─── EXERCISE DATA
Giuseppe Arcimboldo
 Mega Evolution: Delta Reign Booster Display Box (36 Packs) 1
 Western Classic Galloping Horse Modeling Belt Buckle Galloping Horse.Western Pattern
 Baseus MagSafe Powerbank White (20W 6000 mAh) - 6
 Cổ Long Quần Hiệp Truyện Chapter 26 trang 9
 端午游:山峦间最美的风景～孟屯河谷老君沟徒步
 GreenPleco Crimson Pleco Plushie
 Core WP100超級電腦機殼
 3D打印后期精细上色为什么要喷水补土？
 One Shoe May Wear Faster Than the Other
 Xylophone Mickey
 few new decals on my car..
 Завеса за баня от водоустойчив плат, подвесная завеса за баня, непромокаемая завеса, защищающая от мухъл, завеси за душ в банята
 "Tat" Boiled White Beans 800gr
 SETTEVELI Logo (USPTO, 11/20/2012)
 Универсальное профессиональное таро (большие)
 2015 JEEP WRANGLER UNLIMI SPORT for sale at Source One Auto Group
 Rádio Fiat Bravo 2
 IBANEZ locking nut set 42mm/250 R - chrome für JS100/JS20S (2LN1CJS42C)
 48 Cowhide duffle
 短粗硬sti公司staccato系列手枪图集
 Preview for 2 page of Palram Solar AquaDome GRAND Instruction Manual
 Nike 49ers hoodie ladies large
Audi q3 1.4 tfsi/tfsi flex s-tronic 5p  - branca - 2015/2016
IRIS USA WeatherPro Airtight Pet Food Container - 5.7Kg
──────
TRY IT: Return each line of the data exactly as written above.

PROBLEM SOLUTION:
Giuseppe Arcimboldo
 Mega Evolution: Delta Reign Booster Display Box (36 Packs) 1
 Western Classic Galloping Horse Modeling Belt Buckle Galloping Horse.Western Pattern
 Baseus MagSafe Powerbank White (20W 6000 mAh) - 6
 Cổ Long Quần Hiệp Truyện Chapter 26 trang 9
 端午游:山峦间最美的风景～孟屯河谷老君沟徒步
 GreenPleco Crimson Pleco Plushie
 Core WP100超級電腦機殼
 3D打印后期精细上色为什么要喷水补土？
 One Shoe May Wear Faster Than the Other
 Xylophone Mickey
 few new decals on my car..
 Завеса за баня от водоустойчив плат, подвесная завеса за баня, непромокаемая завеса, защищающая от мухъл, завеси за душ в банята
 "Tat" Boiled White Beans 800gr
 SETTEVELI Logo (USPTO, 11/20/2012)
 Универсальное профессиональное таро (большие)
 2015 JEEP WRANGLER UNLIMI SPORT for sale at Source One Auto Group
 Rádio Fiat Bravo 2
 IBANEZ locking nut set 42mm/250 R - chrome für JS100/JS20S (2LN1CJS42C)
 48 Cowhide duffle
 短粗硬sti公司staccato系列手枪图集
 Preview for 2 page of Palram Solar AquaDome GRAND Instruction Manual
 Nike 49ers hoodie ladies large
Audi q3 1.4 tfsi/tfsi flex s-tronic 5p  - branca - 2015/2016
IRIS USA WeatherPro Airtight Pet Food Container - 5.7Kg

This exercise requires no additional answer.